How To Successfuly Use Direct Linking In PPC Campaigns

If you are interested in Pay Per Click marketing using Google AdWords, MSN Adcenter, or Yahoo’s Overture you have most-likely heard people asking about how effective it is to do direct linking to an affiliate offer from your PPC ad. The idea in general is to cut out the middle man (your own landing page / website) and to redirect the customer instantly to the merchants landing page. Many merchants prohibits you from doing this, others do not. If you found one that does allow direct linking you still face the problem that is called Google Quality Score. Since you do not have control over the target website, you cannot modify the landing page and therefore a lot of steps to improve your quality score cannot be done.

Assuming you are still interested in that topic, I can tell you that it is possible to achieve very high quality scores and click prices of $0.02 with direct linking. But this requires some good research and does not work with every affiliate program. The most important thing to look at is to see if the landing page of the merchant is mainly made out of images or if there is actual text. Don’t even bother to work on the image-based landing pages with a direct linking campaign. You’ll see $5.00 and $10.00 minimum bid prices before you can say “Goodnight, Gracie”. ;) This disqualifies many affiliate programs from being used for direct linking, but still leaves some out there that you can use. I leave it up to you to find the ones that work.

Once you have identified the right merchant and found products providing enough affiliate commission worth doing PPC, it’s all yours. Scan the web page for keywords and key phrases and match those to product related searches. You’ll achieve the best results on 100% matches. Pick small pieces of the entire product name as an example. Often the online retailer will show the entire product name which can go up into more than 10 words. Nobody will search for the long name, but you can cut it into pieces and use those to build keyword lists. If you use so-called “buy” words, make sure they are located on the landing page and are in close proximity of your other keyword. The word “coupon” at the bottom of a page will not work well with the name of a specific contact lens in the upper part of the same page. Your quality score would suffer. Instead it might be worth looking at the actual page title and use parts of that for your keyword lists. Here comes an important piece of information. Pick your main keyword once you have build the Google AdWords campaign and dump it into the keywords tool. I had several cases now where Google actually suggested some really well converting and relevant keywords to me and upon adding them I was able to get minimum bid pricing as low as $0.02 per click.

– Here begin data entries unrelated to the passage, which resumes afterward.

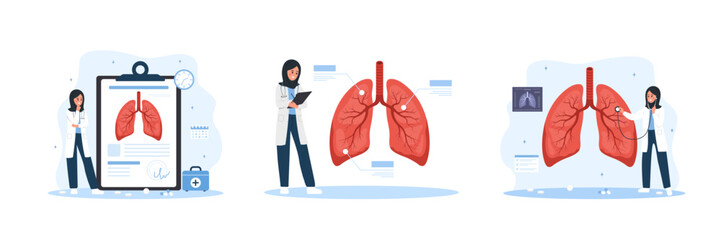 Pulmonologist concept. Arab Female doctor examination Respiratory system disease. Set of Vector illustrations in flat cartoon style.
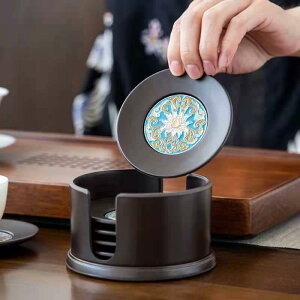 茶托 和風 日式 ベークライト 琺瑯彩 断熱 耐熱 家庭用 来客用 おもてなし 茶器 コースター カップマット ティーマット 茶道具 アクセサリー おしゃれ(x2)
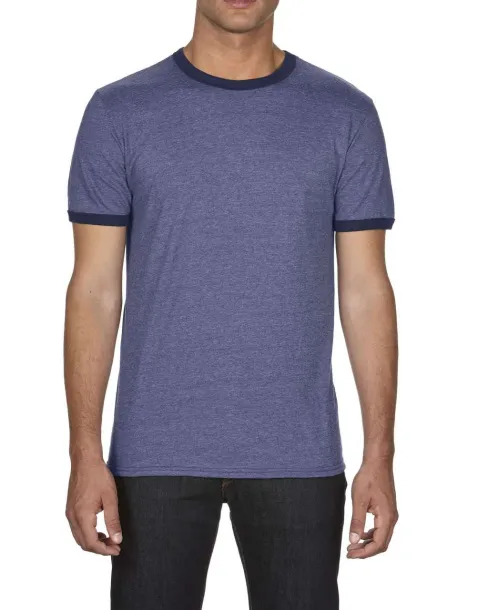 ADULT LIGHTWEIGHT RINGER TEE - Anvil Heather Blue Navy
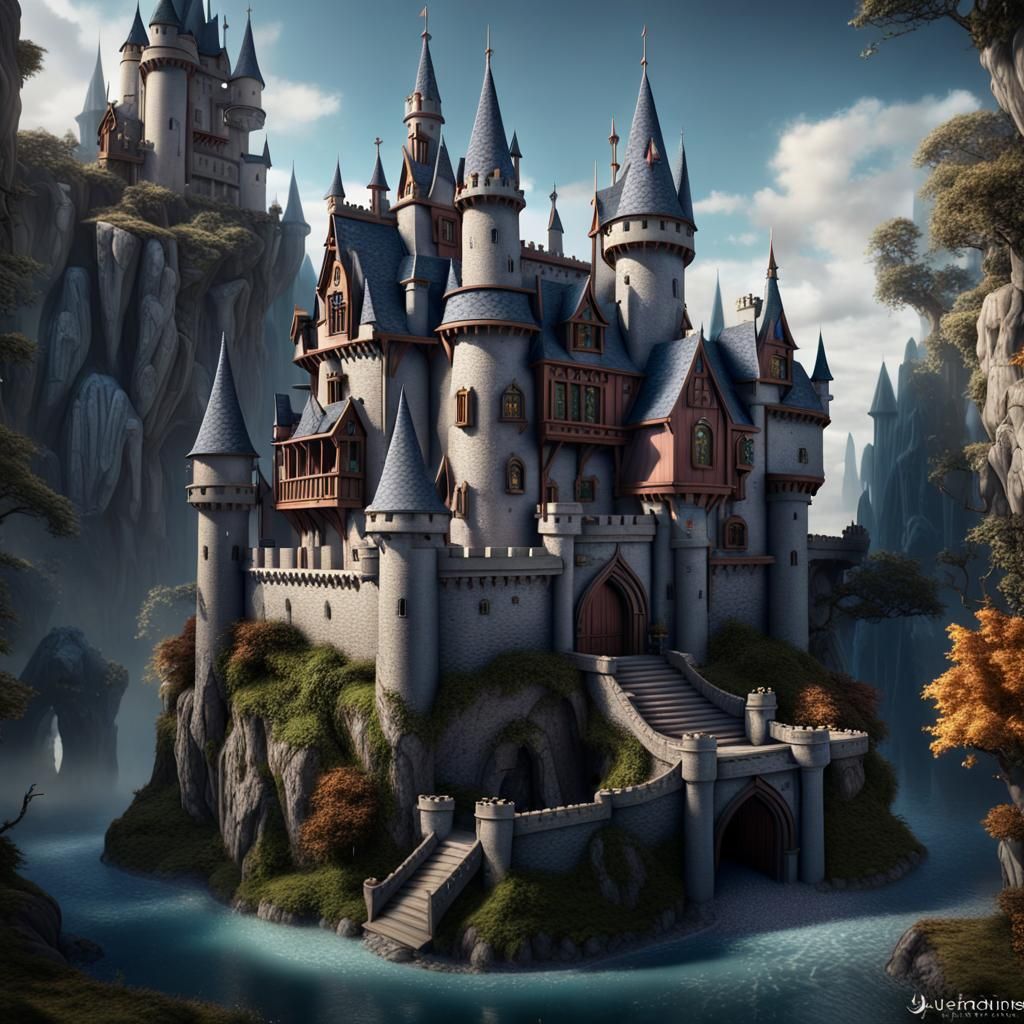 Detailed Fantasy Castle Dollhouse Concept Art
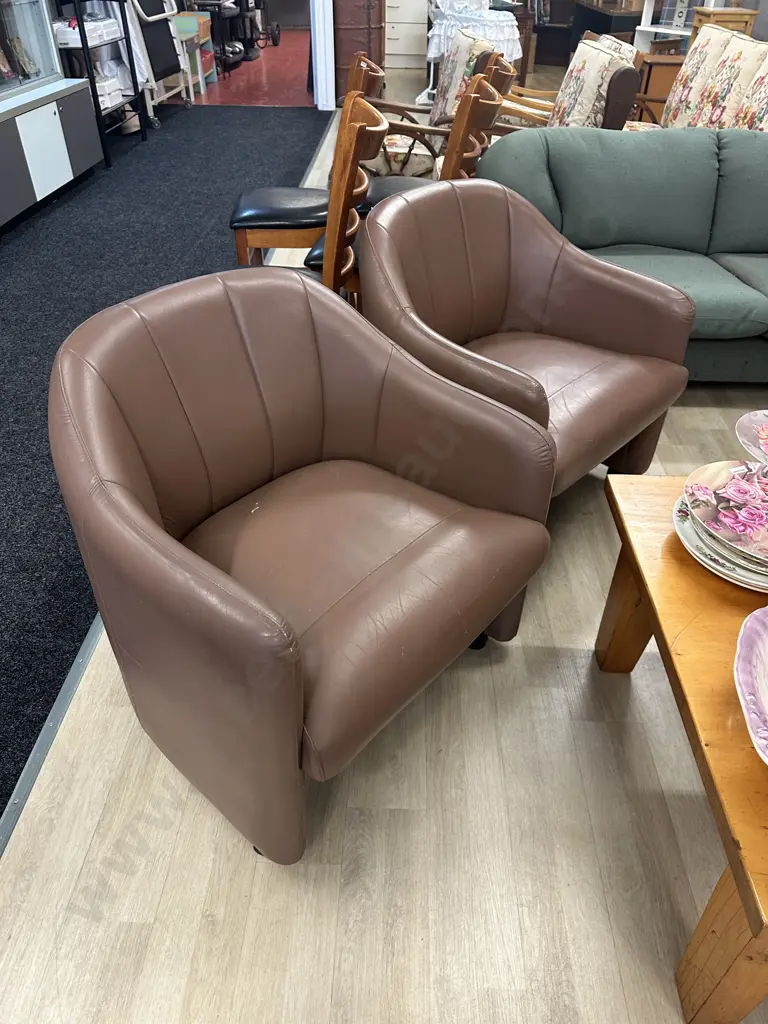 Pair of Brown Leather Tub Chairs On Castors Image 1++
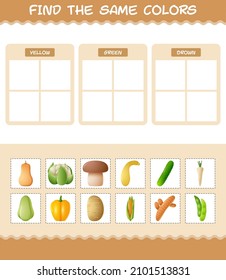 Find the same colors of vegetables. Searching and Matching game. Educational game for pre shool years kids and toddlers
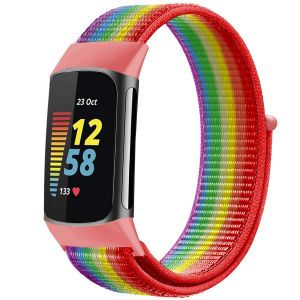 IMoshion Bracelet en nylon Fitbit Charge 5 / Charge 6 - Taille L - Rainbow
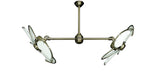 30 inch Twin Star III Double Ceiling Fan - Nautical White Blades, Antique Brass Motor Finish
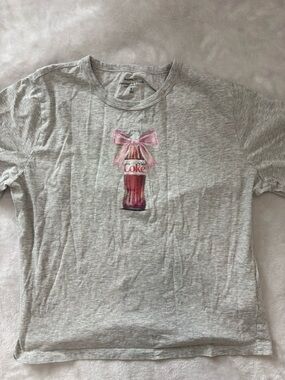 Abercrombie & Fitch Heather Gray Tee with Pink Bow Bottle Graphic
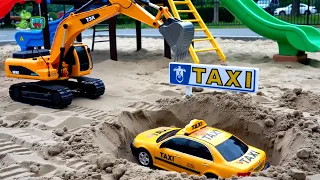 Excavator Finds Surprise Cars in the Sand! 🚓🚒 Toy Vehicle Rescue Mission & Car Wash Fun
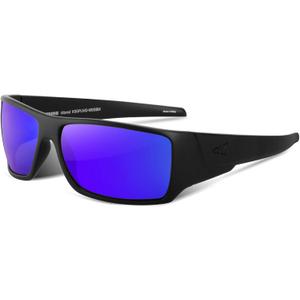 KastKing Iditarod Polarized Sport Sunglasses for Men and Women, Ideal for Driving Fishing Cycling and Running, UV Protection (E.frame: Matte Blackout /Lens: Smoke Cobalt)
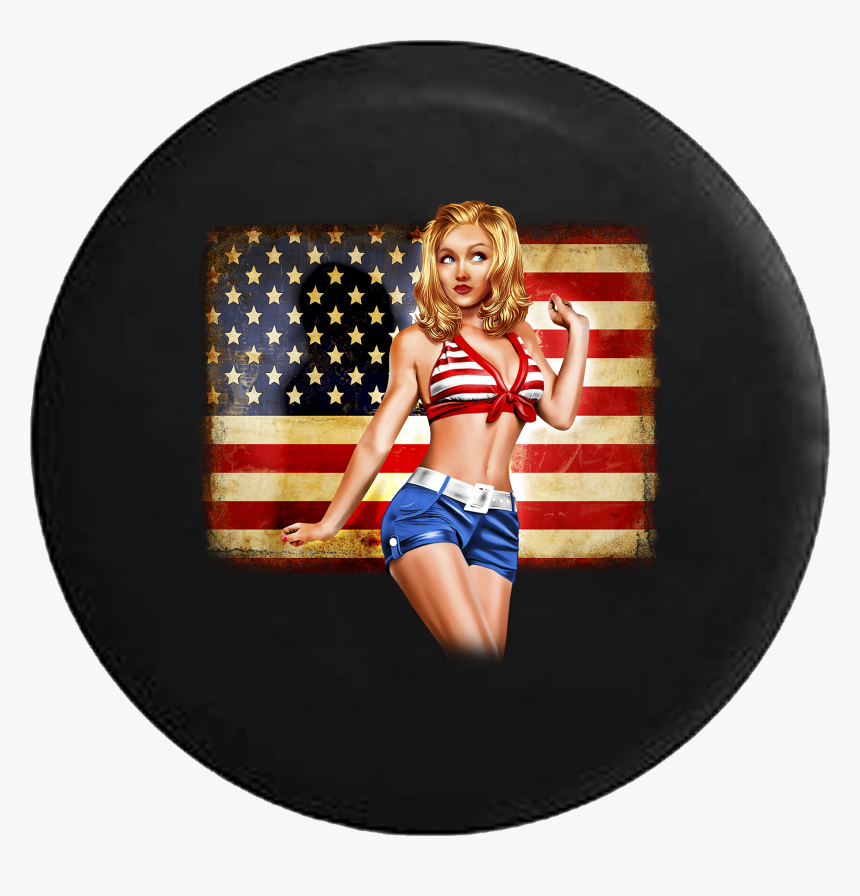 American Flag Pinup Girl Bikini Model - Louis Xvi (1754–1793), King Of France, HD Png Download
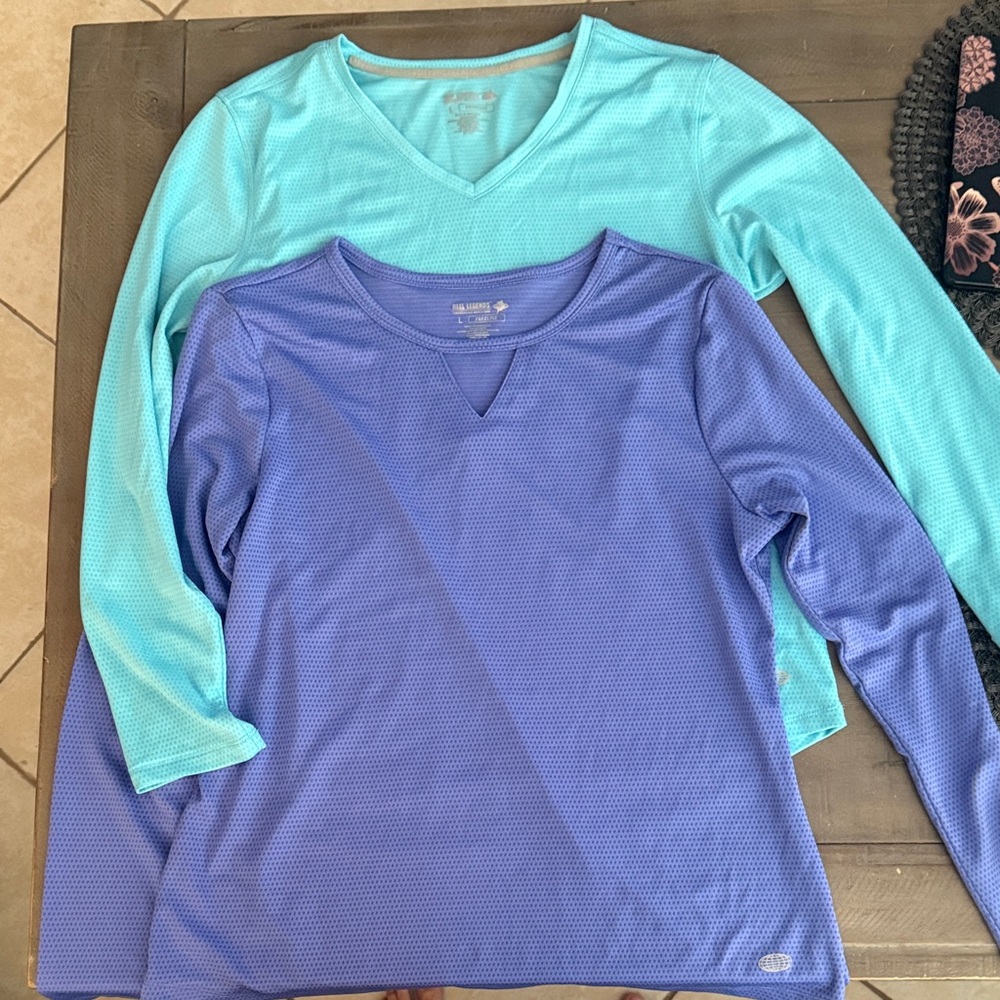 Reel Legends Women's Long Sleeve V-Neck Tops - Aqua and Lavender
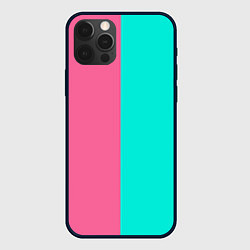 Чехол для iPhone 12 Pro Розово бирюзовый, цвет: 3D-черный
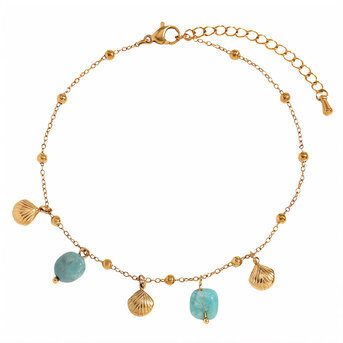 "Seashells" Anklet, 18K Gold Plated Steel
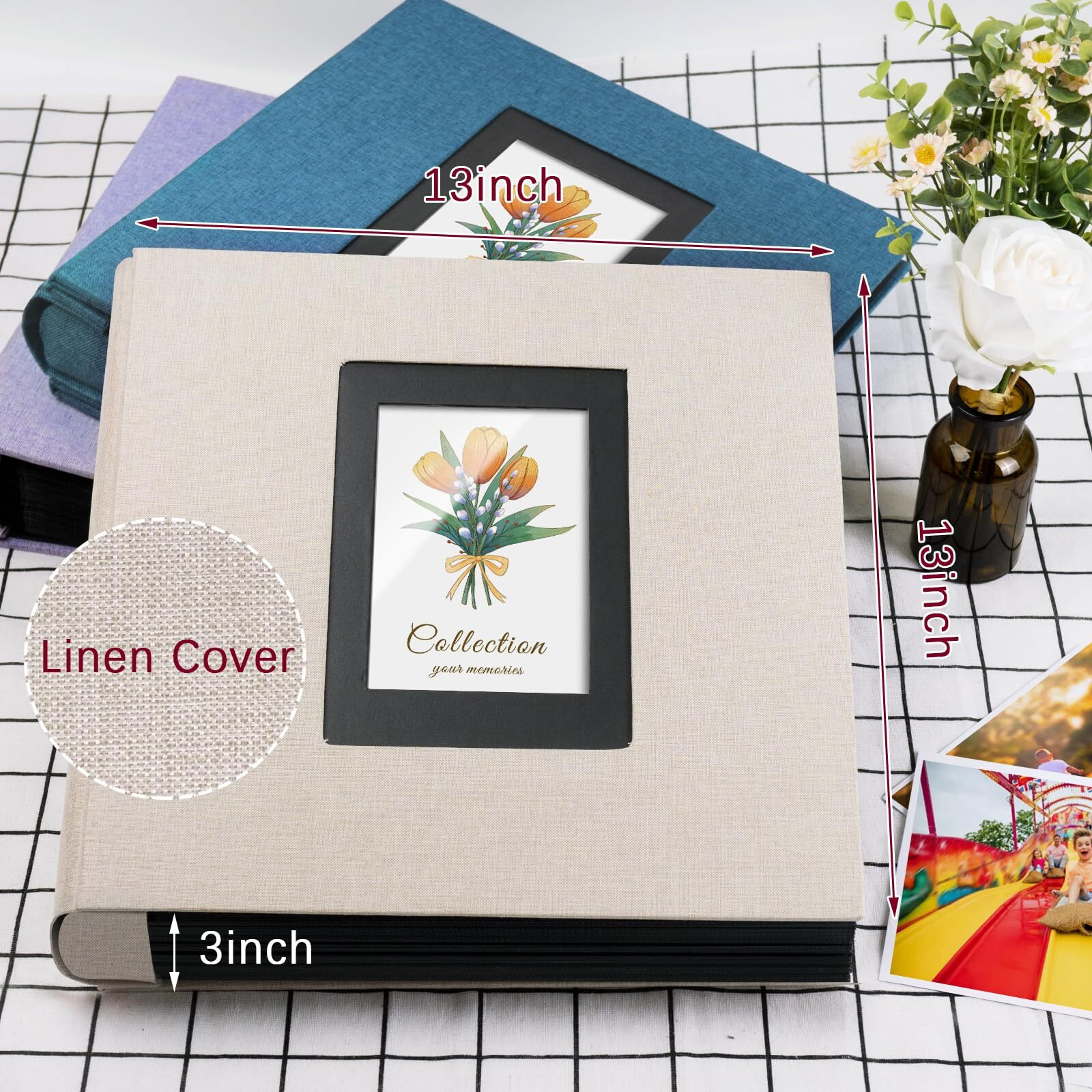 Linen Photo Album 4X6 Large Capacity 1000 Pockets Pictures Fabric Cover Books Albums Wedding School Family Anniversary Baby Memory Engagement Travel Albums(Beige  1000 Pockets)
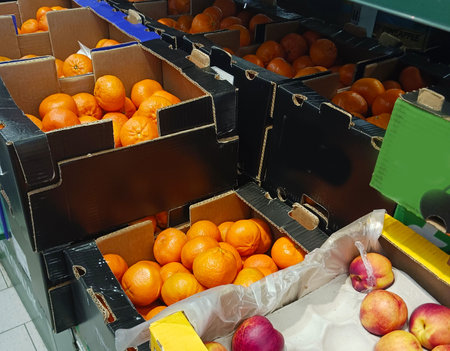 fresh fruits and vegetables in baskets on food marketの写真素材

Be warned – direct linking is difficult and requires a lot of work and volume. Volume in regards to ad groups and campaigns. Since you cannot modify the landing page there are only x number of words available. You can make up for that by promoting more products. Your ROI will be muss less compared to using your own landing page, but it can be a good indicator when testing stuff. If you break even by direct linking, try doing your own domain/landing page for the same product. If done right you can double or triple your profits and then expand the campaign. You probably now think about using Amazon for direct linking. Again, be warned. This can work, but there is huge competition and you will fight for the spots since only one display URL will make it onto a page showing search results. If you build up volume you could even promote book titles and then benefit from the tiered commission rate Amazon has. Build 500 campaigns for 500 different books and sell 25 books a day. Amazon is flooded by affiliates promoting Amazon products via direct linking. Most of them do not earn much money from it. Amazon’s reporting is 24 hours delayed and you do not always see when you’re outbid by someone else. It requires a lot of attention. But – there are many other affiliate program out there where you can use direct linking and easily earn a 20% or 30% ROI (again, think volume).